Monday, January 25, 2016

How could Jerome's novel Three Men in a Boat be seen as a modern travelogue?

Traditionally, older-style travel narratives take us on historical trips of discovery and exploration. For example, we can still go to the remote Galapagos Islands with Charles Darwin through the pages of The Voyage of the Beagle (1839). We can get close to his ground-breaking studies of the finches and the tortoises. Most of us will never get a chance to go to the islands ourselves. So we can read about what it was like to be among the few first explorers of the area and to witness its raw nature, back in the 1830s.
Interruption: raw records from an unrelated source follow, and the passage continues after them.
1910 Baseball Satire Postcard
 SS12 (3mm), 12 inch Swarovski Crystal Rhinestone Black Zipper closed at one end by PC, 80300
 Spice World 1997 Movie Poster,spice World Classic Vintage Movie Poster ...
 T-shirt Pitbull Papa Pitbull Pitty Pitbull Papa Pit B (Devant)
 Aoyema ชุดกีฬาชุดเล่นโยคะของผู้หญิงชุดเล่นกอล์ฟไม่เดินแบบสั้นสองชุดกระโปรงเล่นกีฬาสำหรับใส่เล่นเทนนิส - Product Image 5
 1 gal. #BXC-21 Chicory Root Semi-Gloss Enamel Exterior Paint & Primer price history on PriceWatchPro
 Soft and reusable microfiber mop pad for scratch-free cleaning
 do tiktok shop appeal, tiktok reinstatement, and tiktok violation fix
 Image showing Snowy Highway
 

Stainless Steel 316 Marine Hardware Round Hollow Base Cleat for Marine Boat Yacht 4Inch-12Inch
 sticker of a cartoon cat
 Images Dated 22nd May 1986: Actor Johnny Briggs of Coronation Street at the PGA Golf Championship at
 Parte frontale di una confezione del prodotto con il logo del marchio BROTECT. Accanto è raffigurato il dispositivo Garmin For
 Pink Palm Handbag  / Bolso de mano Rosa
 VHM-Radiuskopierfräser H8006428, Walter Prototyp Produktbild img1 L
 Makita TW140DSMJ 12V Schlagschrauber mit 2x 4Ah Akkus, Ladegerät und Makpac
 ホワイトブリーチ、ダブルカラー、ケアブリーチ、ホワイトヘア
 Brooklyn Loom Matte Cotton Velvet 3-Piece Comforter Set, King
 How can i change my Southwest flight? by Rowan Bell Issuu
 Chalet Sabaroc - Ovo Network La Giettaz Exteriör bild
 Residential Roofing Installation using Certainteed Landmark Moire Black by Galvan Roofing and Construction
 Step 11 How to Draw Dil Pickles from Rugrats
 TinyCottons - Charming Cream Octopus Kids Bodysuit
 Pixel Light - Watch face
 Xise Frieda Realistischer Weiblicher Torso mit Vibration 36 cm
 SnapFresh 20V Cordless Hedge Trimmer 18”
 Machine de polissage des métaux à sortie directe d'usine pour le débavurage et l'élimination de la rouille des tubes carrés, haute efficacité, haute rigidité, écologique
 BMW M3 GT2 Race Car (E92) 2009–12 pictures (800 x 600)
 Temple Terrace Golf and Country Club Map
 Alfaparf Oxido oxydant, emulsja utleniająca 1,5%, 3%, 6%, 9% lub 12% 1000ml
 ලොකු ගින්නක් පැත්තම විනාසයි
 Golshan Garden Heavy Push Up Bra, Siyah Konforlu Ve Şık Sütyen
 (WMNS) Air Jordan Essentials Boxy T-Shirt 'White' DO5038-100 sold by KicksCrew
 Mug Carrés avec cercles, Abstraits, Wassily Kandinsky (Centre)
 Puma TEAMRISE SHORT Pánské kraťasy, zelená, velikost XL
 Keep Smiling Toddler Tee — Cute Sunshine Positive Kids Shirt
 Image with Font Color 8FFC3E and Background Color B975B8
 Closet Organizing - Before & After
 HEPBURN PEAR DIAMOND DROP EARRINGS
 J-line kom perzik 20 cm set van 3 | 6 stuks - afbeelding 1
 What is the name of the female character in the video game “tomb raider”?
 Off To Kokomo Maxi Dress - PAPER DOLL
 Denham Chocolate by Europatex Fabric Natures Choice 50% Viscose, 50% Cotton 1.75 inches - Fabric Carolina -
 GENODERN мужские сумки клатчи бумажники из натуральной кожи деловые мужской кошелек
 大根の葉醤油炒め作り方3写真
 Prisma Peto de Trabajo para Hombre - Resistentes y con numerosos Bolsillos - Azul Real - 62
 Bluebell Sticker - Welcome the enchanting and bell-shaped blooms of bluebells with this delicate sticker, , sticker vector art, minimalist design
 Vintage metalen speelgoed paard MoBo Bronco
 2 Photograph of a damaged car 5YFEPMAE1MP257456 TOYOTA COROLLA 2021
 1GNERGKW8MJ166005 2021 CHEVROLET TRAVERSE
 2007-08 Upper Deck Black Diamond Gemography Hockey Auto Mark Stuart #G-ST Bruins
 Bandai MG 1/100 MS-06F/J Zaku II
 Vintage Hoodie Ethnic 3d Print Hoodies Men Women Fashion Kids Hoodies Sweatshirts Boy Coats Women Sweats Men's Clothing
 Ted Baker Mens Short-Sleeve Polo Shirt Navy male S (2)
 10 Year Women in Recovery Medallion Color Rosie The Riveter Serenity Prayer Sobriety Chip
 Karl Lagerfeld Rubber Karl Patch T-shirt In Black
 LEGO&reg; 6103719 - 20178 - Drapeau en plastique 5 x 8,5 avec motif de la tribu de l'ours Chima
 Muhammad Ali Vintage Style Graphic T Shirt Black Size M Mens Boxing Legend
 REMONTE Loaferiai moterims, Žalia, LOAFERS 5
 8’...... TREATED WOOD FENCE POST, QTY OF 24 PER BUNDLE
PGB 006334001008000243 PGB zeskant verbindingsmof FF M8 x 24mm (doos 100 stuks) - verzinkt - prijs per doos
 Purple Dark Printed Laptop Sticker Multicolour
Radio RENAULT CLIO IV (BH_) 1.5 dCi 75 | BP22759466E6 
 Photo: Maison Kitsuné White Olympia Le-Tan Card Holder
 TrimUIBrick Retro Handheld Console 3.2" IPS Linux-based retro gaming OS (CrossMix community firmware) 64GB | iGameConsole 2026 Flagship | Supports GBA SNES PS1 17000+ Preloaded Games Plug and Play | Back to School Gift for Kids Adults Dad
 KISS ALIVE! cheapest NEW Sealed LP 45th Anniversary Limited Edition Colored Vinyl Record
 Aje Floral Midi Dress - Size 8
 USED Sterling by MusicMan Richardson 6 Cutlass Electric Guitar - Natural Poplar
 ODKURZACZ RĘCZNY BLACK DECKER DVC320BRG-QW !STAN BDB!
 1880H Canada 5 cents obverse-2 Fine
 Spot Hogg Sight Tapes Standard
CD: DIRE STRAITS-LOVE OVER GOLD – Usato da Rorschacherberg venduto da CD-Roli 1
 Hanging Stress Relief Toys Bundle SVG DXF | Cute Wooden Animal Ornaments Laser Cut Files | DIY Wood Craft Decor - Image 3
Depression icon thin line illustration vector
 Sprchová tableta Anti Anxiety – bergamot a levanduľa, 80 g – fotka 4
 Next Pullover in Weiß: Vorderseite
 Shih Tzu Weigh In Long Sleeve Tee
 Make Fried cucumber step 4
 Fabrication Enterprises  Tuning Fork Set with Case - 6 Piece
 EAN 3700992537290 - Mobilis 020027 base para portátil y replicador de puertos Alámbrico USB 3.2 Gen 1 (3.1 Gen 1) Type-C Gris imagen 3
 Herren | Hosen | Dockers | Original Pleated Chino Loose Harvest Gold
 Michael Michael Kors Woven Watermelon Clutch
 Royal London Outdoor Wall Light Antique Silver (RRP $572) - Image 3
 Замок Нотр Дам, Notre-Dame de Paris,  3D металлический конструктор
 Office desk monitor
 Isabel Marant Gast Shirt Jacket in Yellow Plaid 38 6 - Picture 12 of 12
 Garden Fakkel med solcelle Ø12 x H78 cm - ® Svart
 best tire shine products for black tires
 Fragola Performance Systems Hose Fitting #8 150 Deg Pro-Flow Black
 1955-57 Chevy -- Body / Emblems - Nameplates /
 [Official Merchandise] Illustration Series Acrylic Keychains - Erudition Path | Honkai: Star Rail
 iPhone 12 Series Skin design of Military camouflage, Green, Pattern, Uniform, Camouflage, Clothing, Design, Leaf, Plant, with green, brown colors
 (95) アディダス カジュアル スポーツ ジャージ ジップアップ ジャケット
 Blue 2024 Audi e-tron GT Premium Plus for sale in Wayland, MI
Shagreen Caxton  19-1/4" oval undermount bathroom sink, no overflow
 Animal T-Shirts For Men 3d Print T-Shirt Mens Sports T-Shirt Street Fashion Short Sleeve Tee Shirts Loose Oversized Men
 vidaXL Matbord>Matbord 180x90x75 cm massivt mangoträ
Three Men in a Boat is hardly in the same category. First of all, the story is fiction. Jerome K. Jerome indeed went on Thames trips with his real-life friends George Wingrave (aka George) and Carl Hentschel (aka William Samuel Harris). But he merged and fictionalized some of them into the sequence of events we read here. He invented the dog, Montmorency. And this group was not going where no man had gone before. Taking such boat trips along the course of England’s most important river had come into fashion in the 1870s. By the time this book was released in 1889, it was a fad. According to the web site of the Jerome K. Jerome Society:



Boating on the Thames became the latest craze: in 1888, the year in which Jerome wrote Three Men in a Boat, there were 8,000 registered boats on the river; by the following year there were 12,000. Jerome was therefore writing about the “in thing” – the book doubtless swelled the number of boating fans – though the three friends had caught the bug earlier than most.



Additionally, this is a trip that can still be done by nearly anyone today. It is said that many of the same pubs and inns mentioned in the text are still in operation. In summary: this modern travelogue is a work of creative writing and fiction; it travels along relatively familiar and easy-to-reach territory; and it can be replicated. It can inspire new readers to one day make the trip in person themselves.